Die Prozesse haben noch gar nicht stattgefunden, folglich gibt es auch noch keine Urteile. Und da es sich um Auseinandersetzungen vor Senaten der Verwaltungs- beziehungsweise Zivilgerichtsbarkeit handelt, wird es vermutlich auch nach den Terminen im November um die Folgen des Claus-Großbrandes in Sandweier so schnell keine Urteile geben.

Da der Öffentlichkeit zudem bisher noch entzogen ist, was die streitenden Parteien in den vergangenen eineinhalb Jahren an Argumenten ausgetauscht haben, könnte es also spannend werden. Oder vielleicht auch nicht, denn der gesunde Menschenverstand konnte der städtischen Argumentation noch nie so recht folgen.
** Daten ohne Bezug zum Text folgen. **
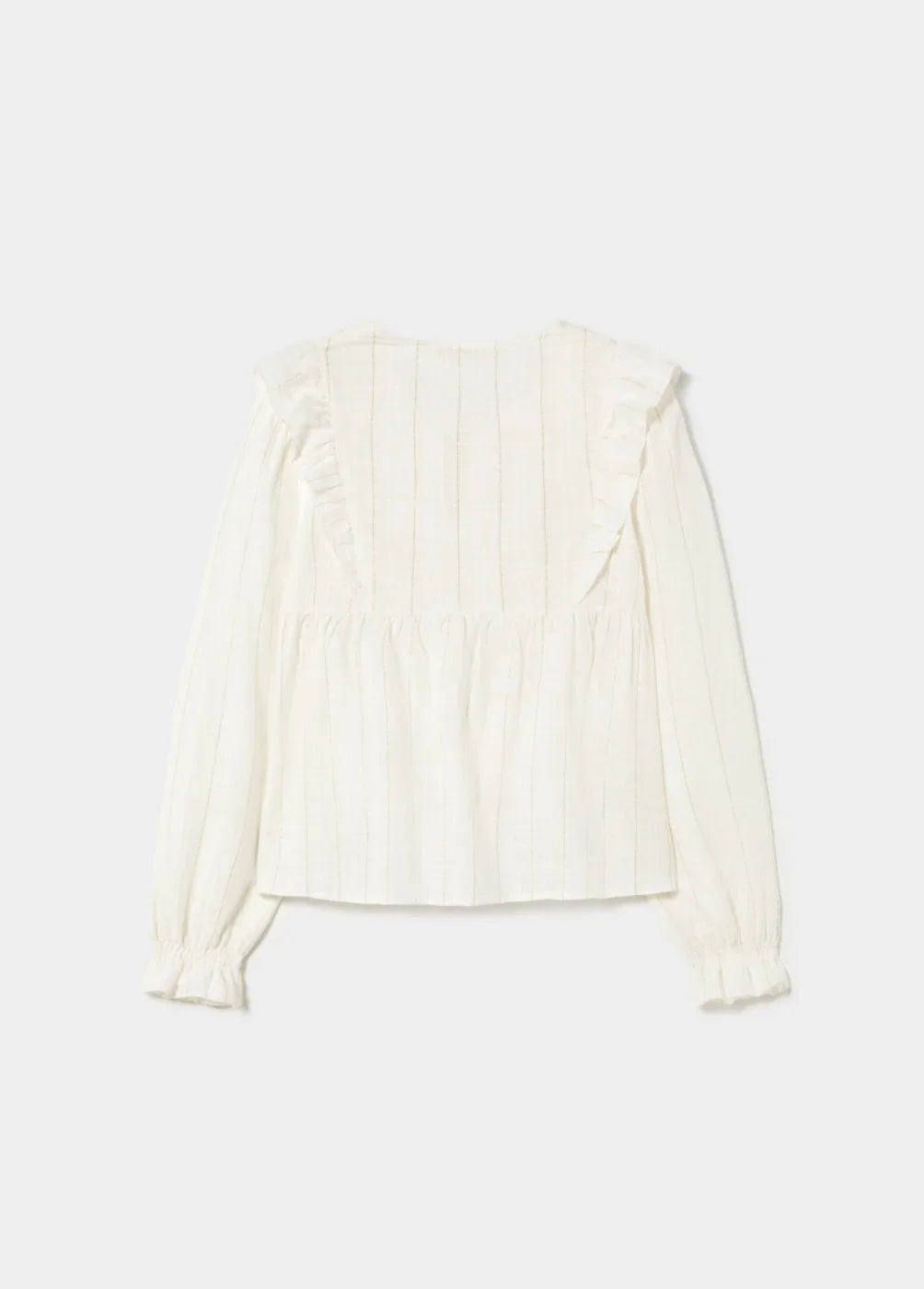 חולצת נשים לבנה עם שרוולים ארוכים ועיטורי קפלים, CHOZEN בגדי אופנה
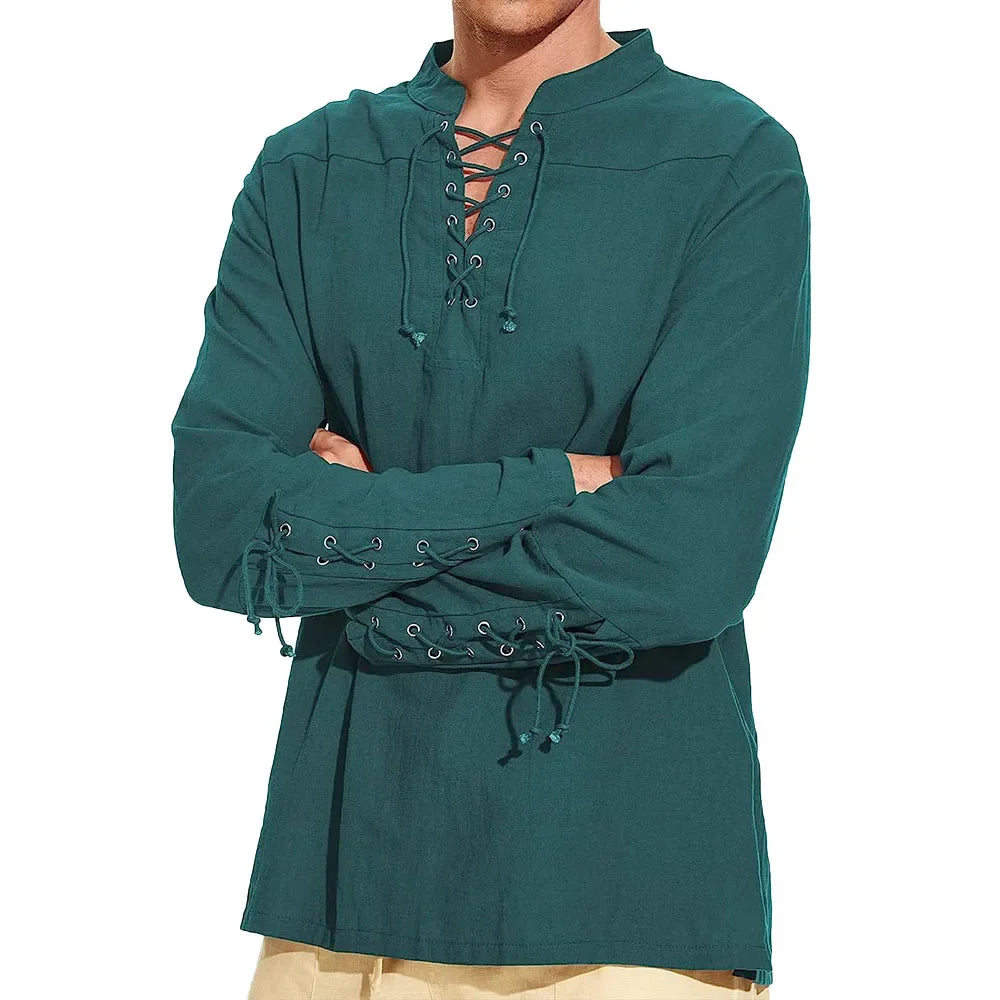 Autumn New Cotton Shirts for Men Costume Beach Tops Drawstring Design Shirt Male Loose Casual Streetwear Long Sleeve Shirt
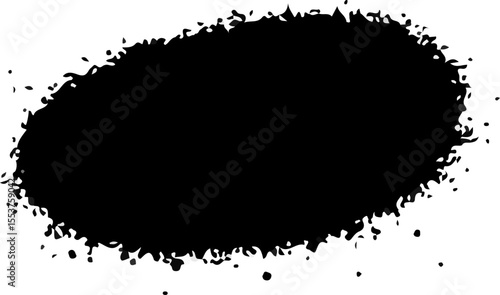 Grungy black ink splatter with chaotic texture, ideal for abstract backgrounds or artistic accents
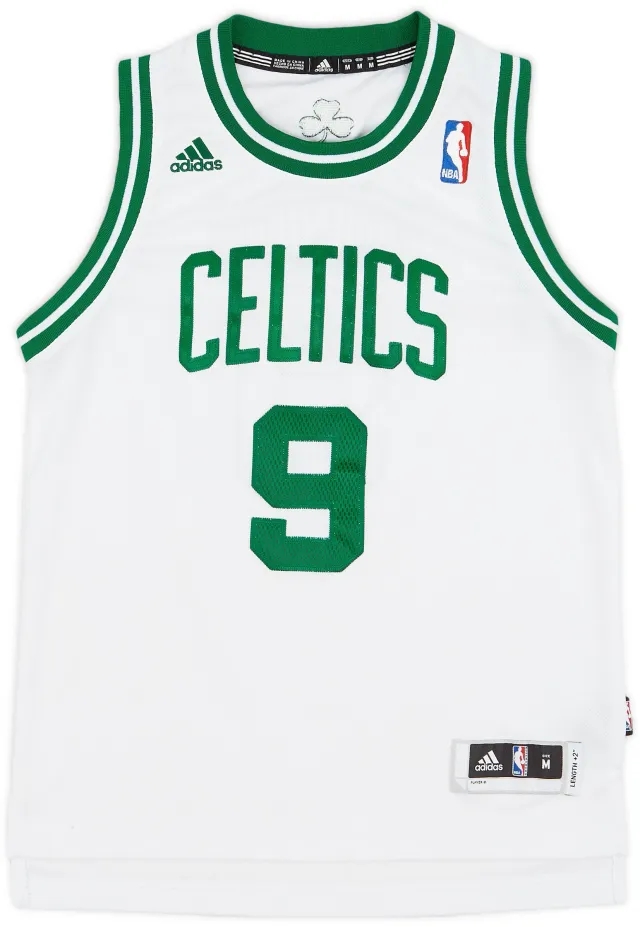 2010-14 Boston Celtics Rondo #9 adidas Swingman Home Jersey - 8/10 - (M.Boys)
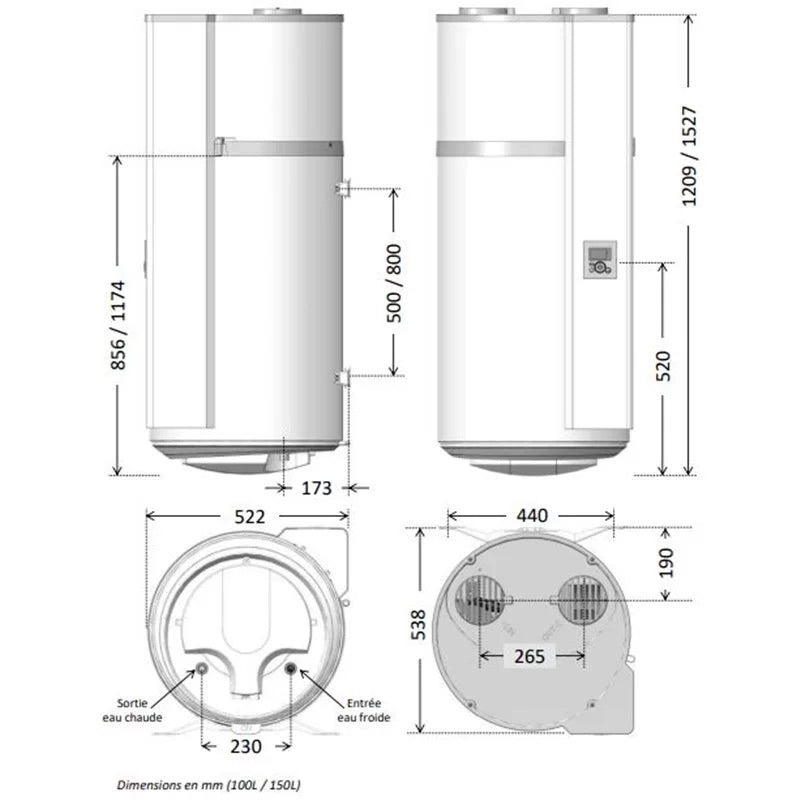 THERMOR Chauffe-eau thermodynamique AEROMAX 5 vertical mural blanc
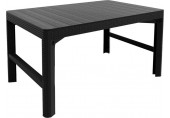 ALLIBERT LYON RATTAN Table de jardin, 116 x 71x 40/65 cm, graphite 17205429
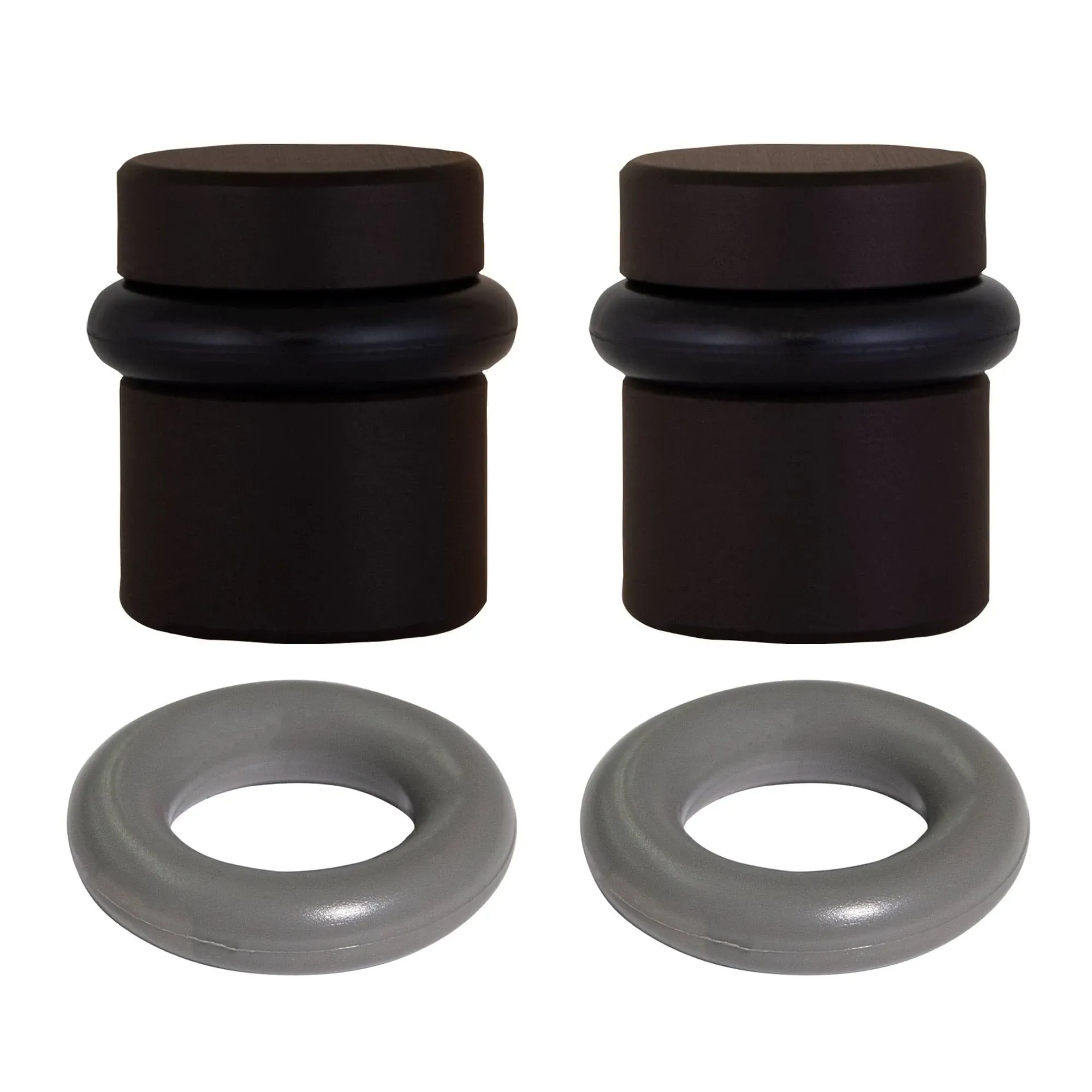 Modern Cylindrical Door Stop, Design House Oil Rubbed Bronze Floor Rubber Bumper, 2-Pack, 189332-ORB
Man stelle sich vor: Auf der Autobahn bricht im Motorraum ein Feuer aus. Die Feuerwehr löscht, man ist froh, trotz allem nur mit Sachschaden davongekommen zu sein und dann flattert einige Monate später eine Forderung ins Haus. Man soll auf eigene Rechnung Boden und Grundwasser untersuchen und dann beseitigen und reinigen lassen, weil der Löschschaum Gift enthalten hat. Logisch? Wohl kaum. Aber genau darum geht’s seit einem halben Jahrzehnt vor den Schranken Justitias. Oder geht es im Kern doch nur ganz allein um die Tatsache, dass die Versicherungen nicht zahlen wollen?

Ausgetragen wird das Ganze auf dem Rücken eines am Löschschaum unschuldigen Unternehmers und eines Einsatzleiters, der nur eines wollte: das Feuer löschen. Beide sitzen seit Jahren im Hamsterrad.